Вздохнув, Джон решил, что сегодня ему по всей вероятности не удастся позаниматься с Мэри, он вернулся в свою комнату и от нечего делать взял, наконец-то в руки её сказки. Вот и настало время их прочесть.
Переполох, вызнанный приездом леди Вудхаус, казалось, зацепил каждого жителя дома. Слуги суетливо натирали и без того чистые полы, гоняли пыль и натирали серебро. Все это происходило в суматохе и с огромной скоростью, так, чтобы успеть навести порядок до того как вдовствующая графиня спустится к ужину. Леди Вудхаус не была столь строга к порядку, но стоило ей заметить хоть пылинку или не начищенный до блеска сервиз, её было не остановить, так как она пускалась в поучения и нравоучения, что касалась каждого из присутствующих, а так же слуг. Помня в её возрасте все имена и даты, а ей было уже за семьдесят, все происшествия и события, тётушка казалась вездесущей. Так, по вечерам, после отбытия её ко сну, все слуги дома Грантов, в который раз обсуждали того, кто, по их мнению, мог доносить леди Вудхаус об их личной жизни. Правда, все быстро приходили к мнению, что никто из присутствующих не мог на это пойти, ведь каждого она могла задеть и подшутить, что было хоть и неприятно, но совершенно беззлобно.

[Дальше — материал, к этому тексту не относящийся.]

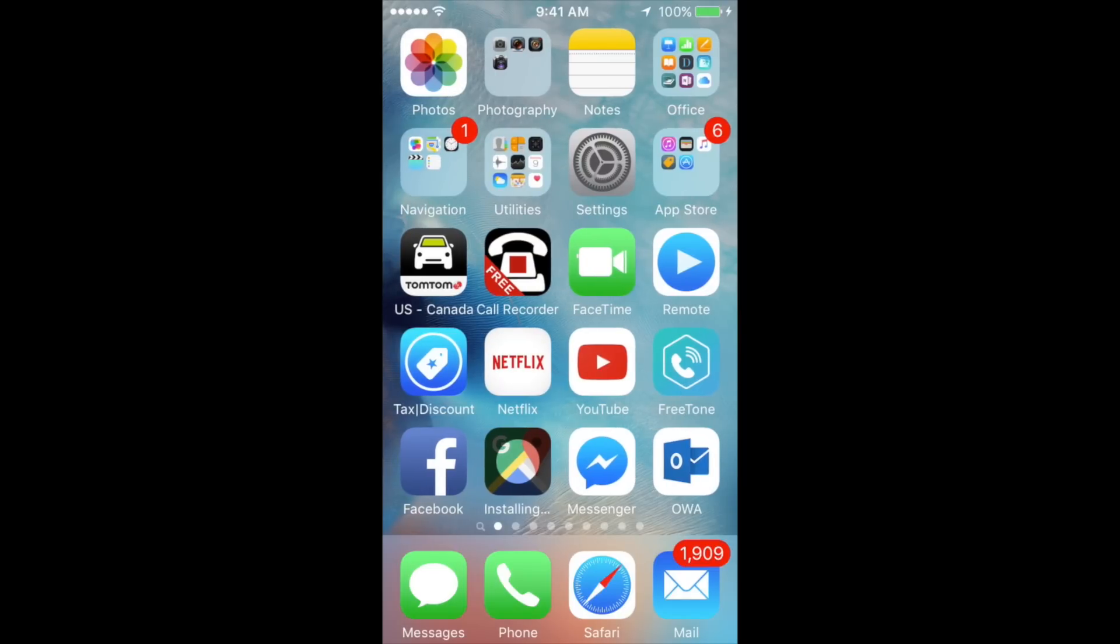As long as it's iOS 9 or iOS 8, it works pretty much the same way. The first thing you should do, for example here I have my Google app stuck. This app is stuck on installing, but this works with any app, whether it's stuck on installing, updating, or any other message.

Сегодня под удар попал нечастный Симонс, которого графиня поддела, когда он подавал ей ужин.
– Что, мистер Симонс, женились ли вы на экономке миссис Пратчет? Коль мне не изменяет память, лет восемь вы похаживаете к ней на вечерний чай. – Бедняга Симонс покраснел до самых корней своих седых волос, но продолжал обслуживать гостью с невозмутимым видом. – Не стоит отвечать, мой старый друг, какие же в твоих летах уж могут быть похожденья, да и миссис Пратчет моложе тебя лет эдак на пять, вон Джексон мой к ней приглядывается. – Симонс покраснел ещё больше, а старушка меж тем, уже переключила своё внимание на членов семьи. Больше всех страдала Кэтрин, которую графиня за глаза называла красивой, но совершенно бесполезной кокеткой. «Что толку от её красоты, если она не может родить таких же красивых детей, впрочем, она никаких детей родить не может», -бывало, говаривала она, но между тем, никогда не разрешала обидеть её кому бы то ни было.
К Вильяму она относилась нежно и спокойно, ей казалась трогательной его тонкая душевная организация, и поэтому именно поэтому, считала она, он должен был родиться женщиной. Оливер и Тобиас были по её мнению настоящими мужчинами, вот где глава рода по достоинству и по манерам, хотя излишнюю холодность и невыраженные чувства, она считала недостатком. Любимицей же её была, конечно, Мэри, хоть и не по крови, а по духу были близки они, и тетушка, бывало, сокрушалась, что так долго они не были знакомы, и ей следовало бы выйти замуж за Оливера намного раньше, хоть и десятилетней, шутила она. С приходом Мэри в этот дом, все стало намного гармоничнее и теплее, вот и Эмма, как говорила графиня, перестала заниматься ерундой в виде чтения слезливых книг, от которых неизменно впадала в меланхолию, а стала так похожа характером на настоящую женщину, какой и пристало быть молодой леди.